__WORK REQUEST__: Write down exactly the lines from the one below that has "Frienda 4 Pcs" to the end of the data, both ends included; the pictures should not appear in your copy.
***** MATERIAL FOR THIS TASK
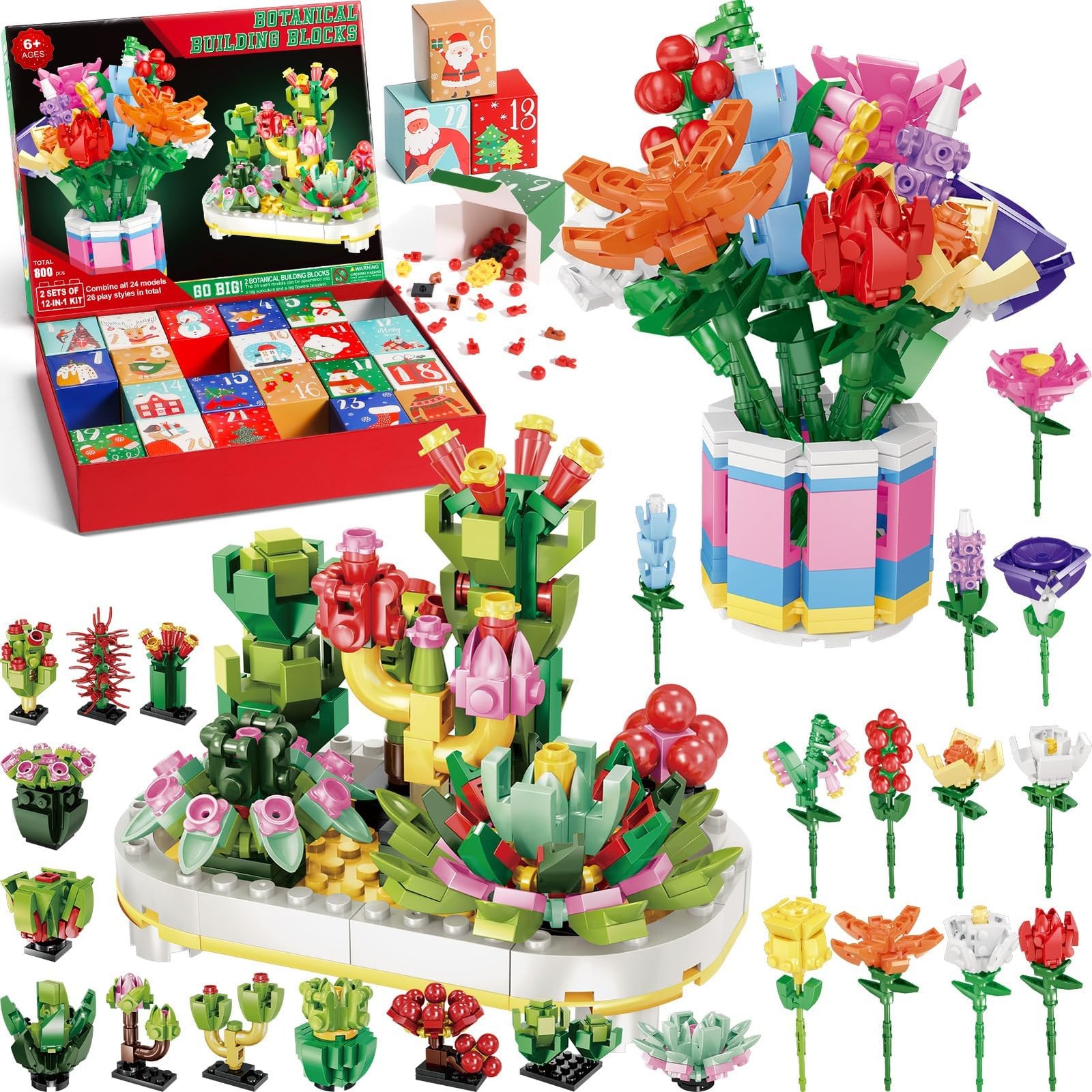 Advent Calendar 2025 for Kids Teens Adults, 24 Days Surprise Botanical Buildi…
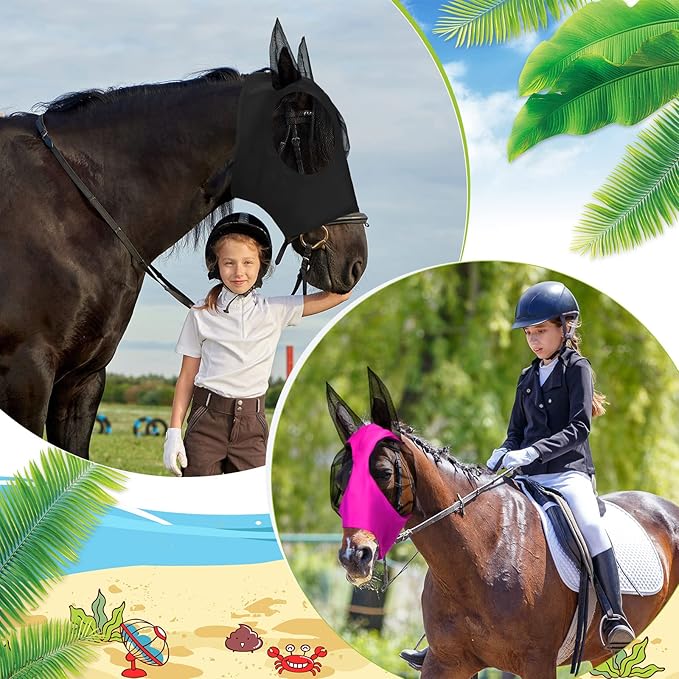 Frienda 4 Pcs Horse Fly Masks with Ears Head Fly Masks for Horses Smooth Elastic UV Protection Cover from Summer Insect Pests(Medium,Purple, Blue, Pink, Black)-PawvioPets
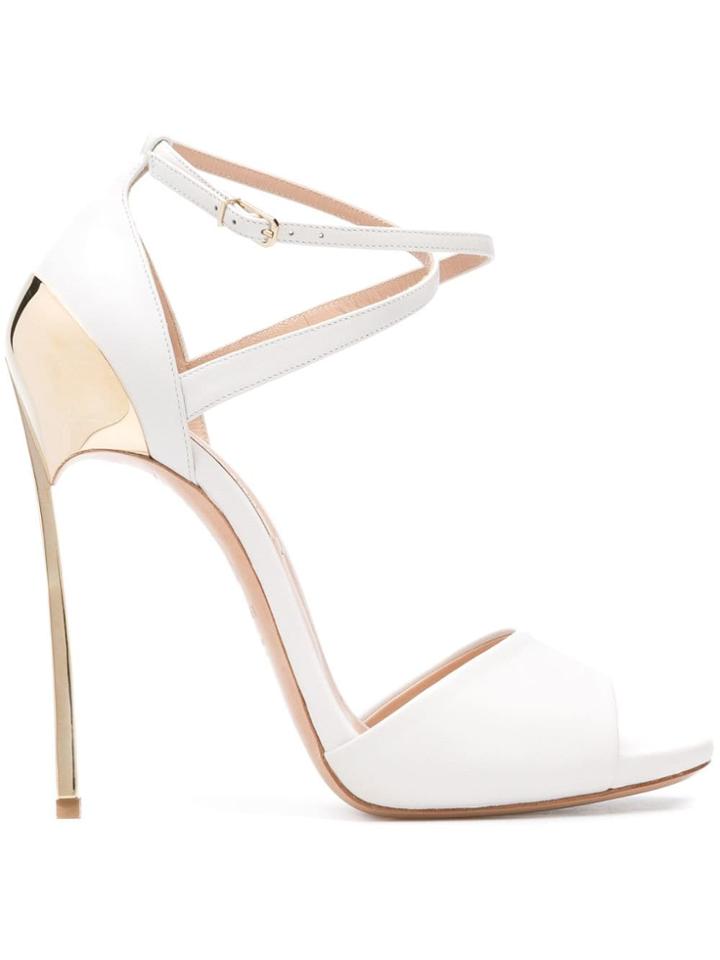 Casadei Gold-tone Detailed Sandals - White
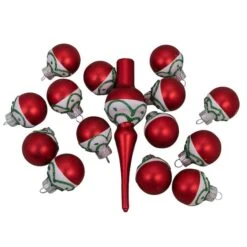 Northlight 15ct. Red Matte Frosted Tree Topper & Ball Ornaments -Northlight Sale Store D253708S 13
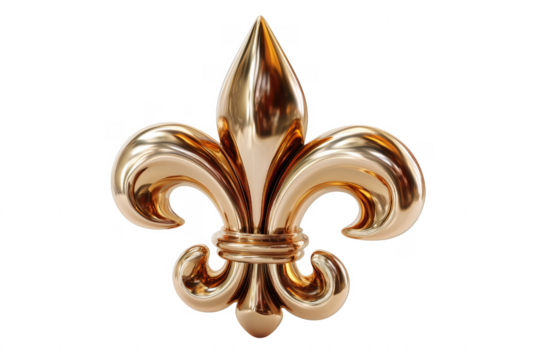Golden fleur de lis symbol on transparent background showing luxury and royalty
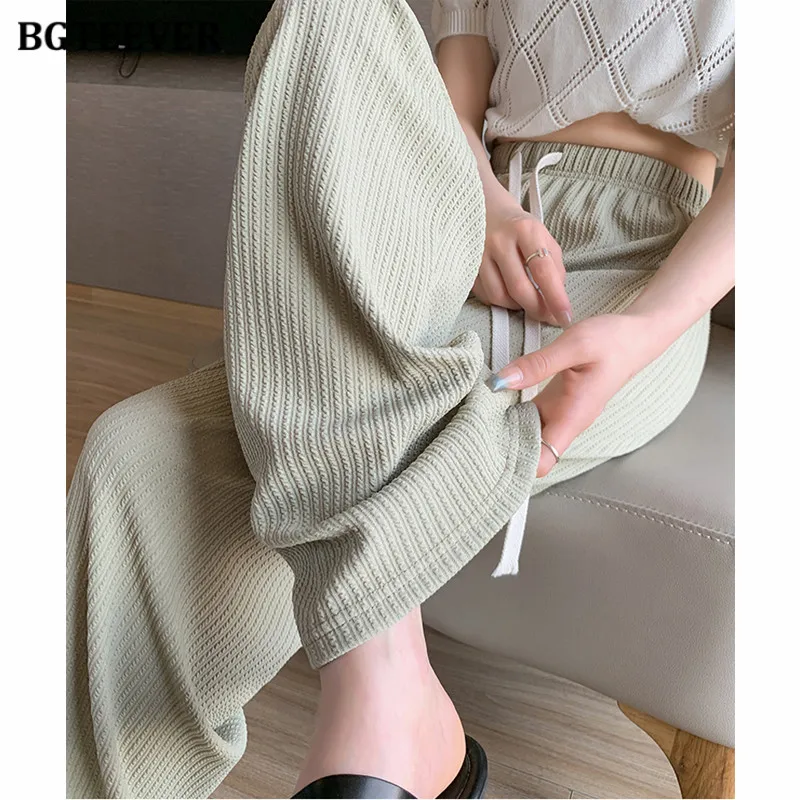 BGTEEVER Casual Loose Drawstring Female Wide Leg Pants Summer Elastic Waist Ice Tough Straight Trousers for Women
BGTEEVER Casual Loose Drawstring Female Wide Leg Pants Summer Elastic Waist Ice Tough Straight Trousers for Women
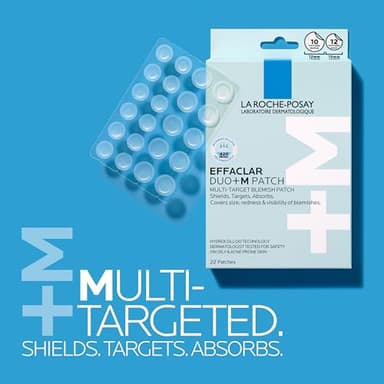 La Roche-Posay Effaclar Multi-Target Blemish Patches, Hydrocolloid Pimple Patches For Face Shields, Targets & Absorbs, Suitable Under Makeup, 22 Patches, 12 Small Size & 10 Medium Size - Image 8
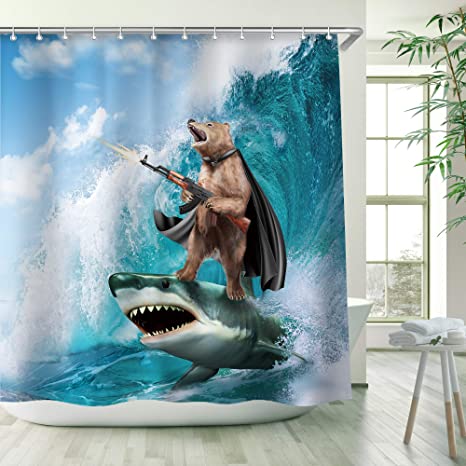 Detail Surfing Shower Curtains Nomer 21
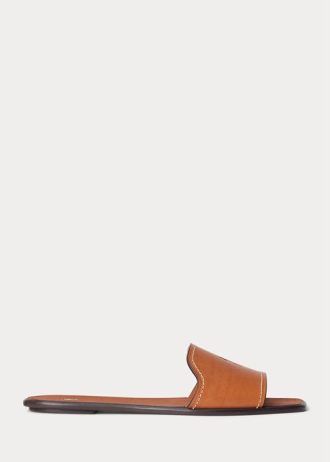 Brown Women’s Ralph Lauren Vachetta Leather Slippers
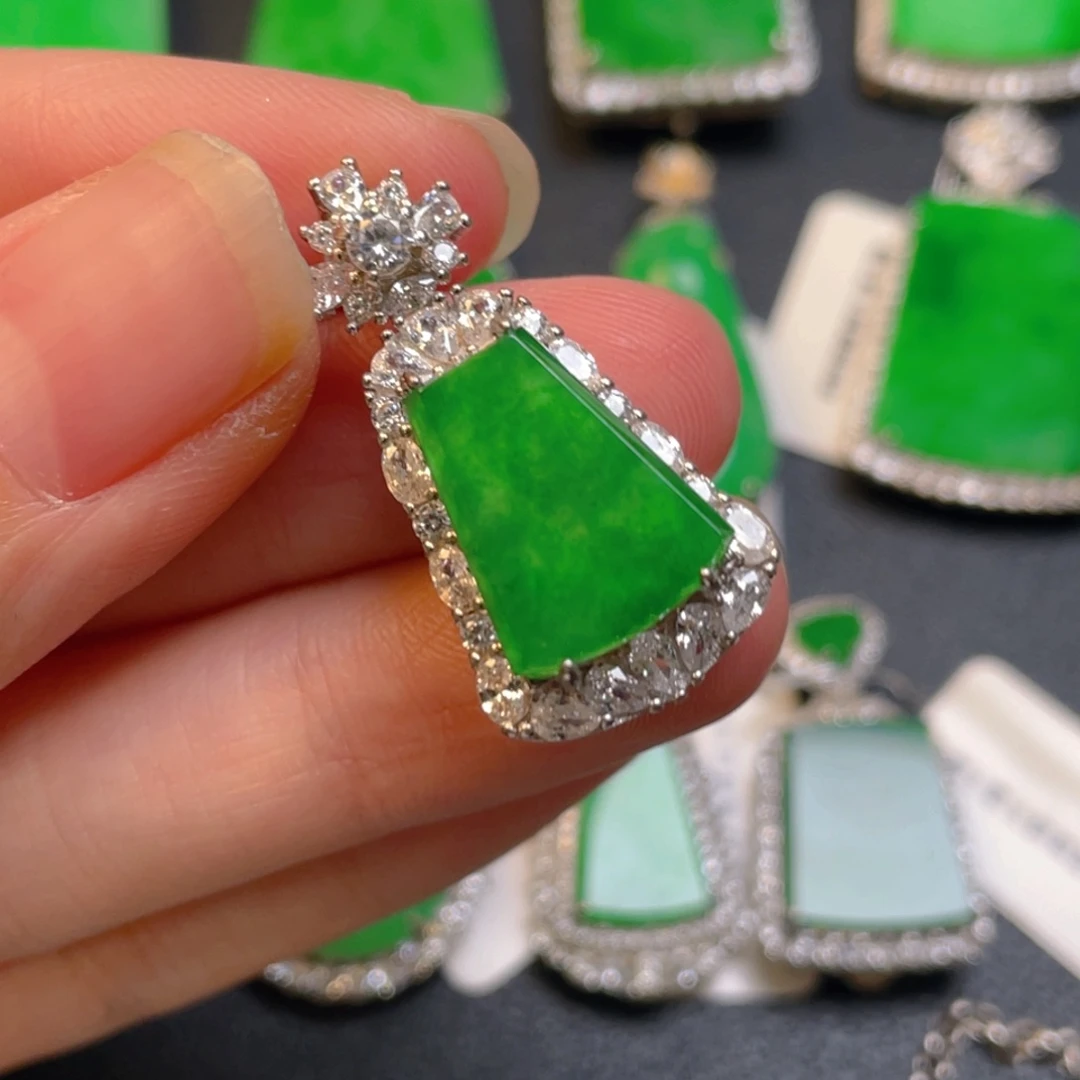 翡翠银S925镶嵌吊坠(不含链)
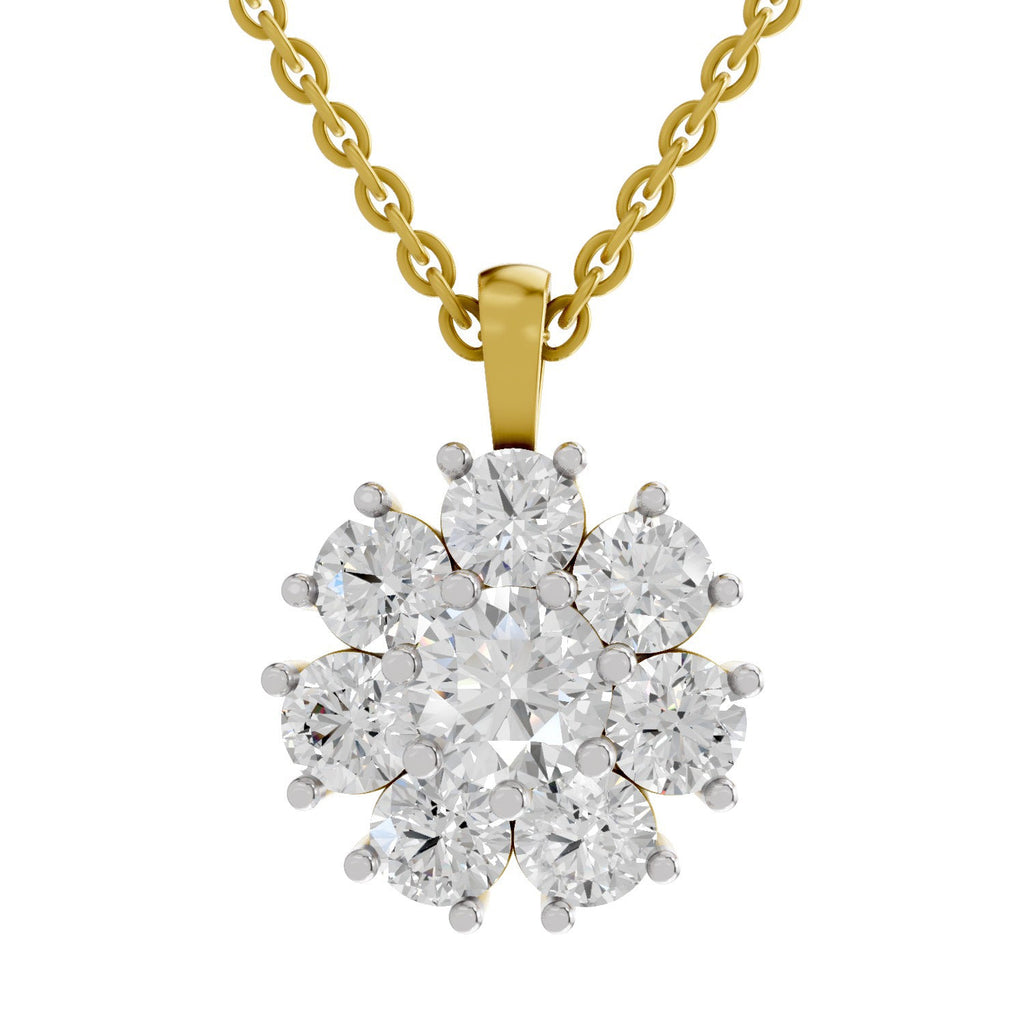 3.24 Carat Floral Diamond Pendant 14K - Rose Gold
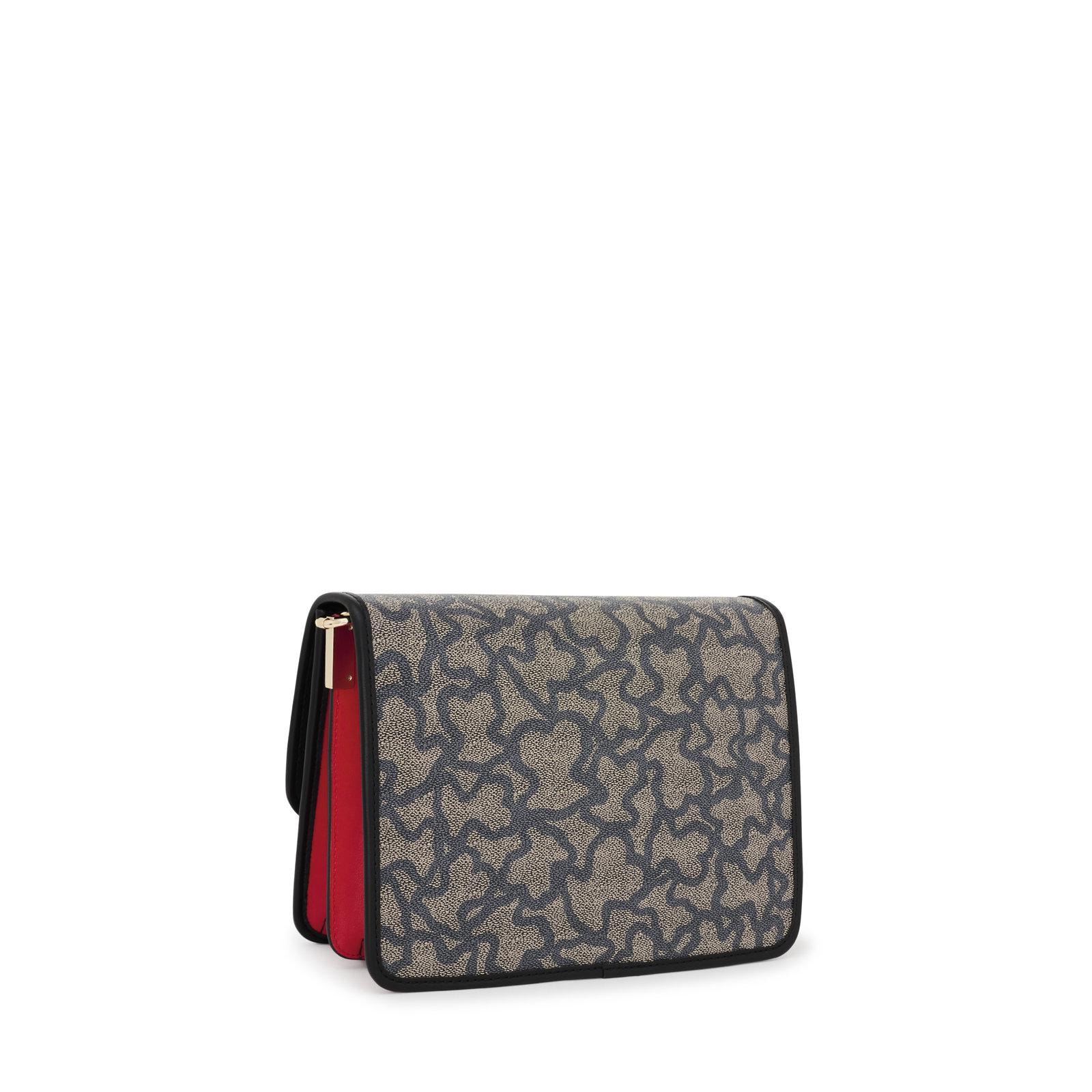Bandolera mediana Audree negra y beige Kaos Icon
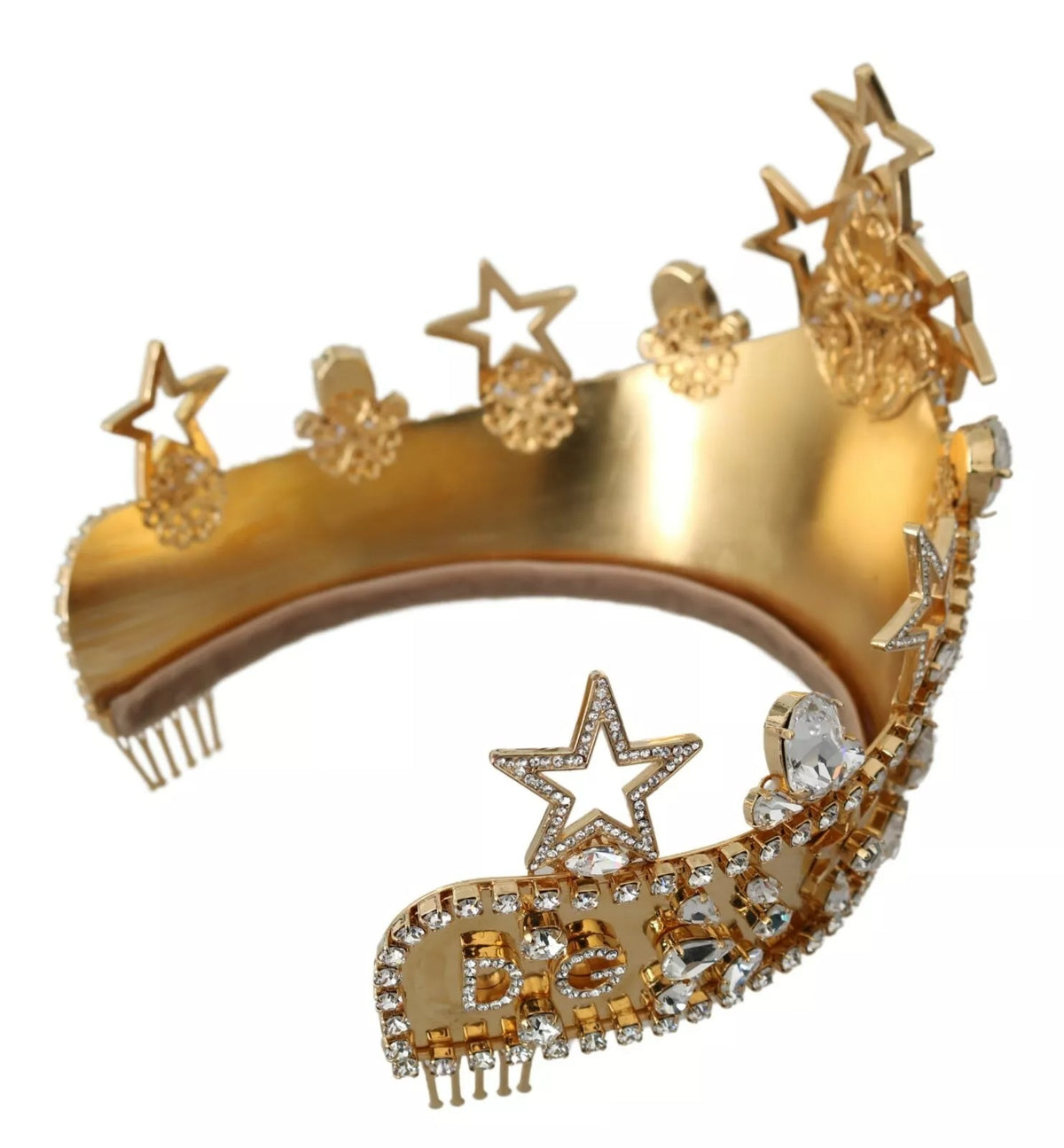 Dolce & Gabbana Gold Crystal Star STRASS Crown Logo Tiara Women's Diadem (Pre-Owned)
**********
__RESULT FOR THIS EXERCISE__:
 Frienda 4 Pcs Horse Fly Masks with Ears Head Fly Masks for Horses Smooth Elastic UV Protection Cover from Summer Insect Pests(Medium,Purple, Blue, Pink, Black)-PawvioPets
 Casadei Gold-tone Detailed Sandals - White
 Northlight 15ct. Red Matte Frosted Tree Topper & Ball Ornaments -Northlight Sale Store D253708S 13
Golden fleur de lis symbol on transparent background showing luxury and royalty
 BGTEEVER Casual Loose Drawstring Female Wide Leg Pants Summer Elastic Waist Ice Tough Straight Trousers for Women
BGTEEVER Casual Loose Drawstring Female Wide Leg Pants Summer Elastic Waist Ice Tough Straight Trousers for Women
 La Roche-Posay Effaclar Multi-Target Blemish Patches, Hydrocolloid Pimple Patches For Face Shields, Targets & Absorbs, Suitable Under Makeup, 22 Patches, 12 Small Size & 10 Medium Size - Image 8
 Detail Surfing Shower Curtains Nomer 21
 Brown Women’s Ralph Lauren Vachetta Leather Slippers
 翡翠银S925镶嵌吊坠(不含链)
 3.24 Carat Floral Diamond Pendant 14K - Rose Gold
Bandolera mediana Audree negra y beige Kaos Icon
 Dolce & Gabbana Gold Crystal Star STRASS Crown Logo Tiara Women's Diadem (Pre-Owned)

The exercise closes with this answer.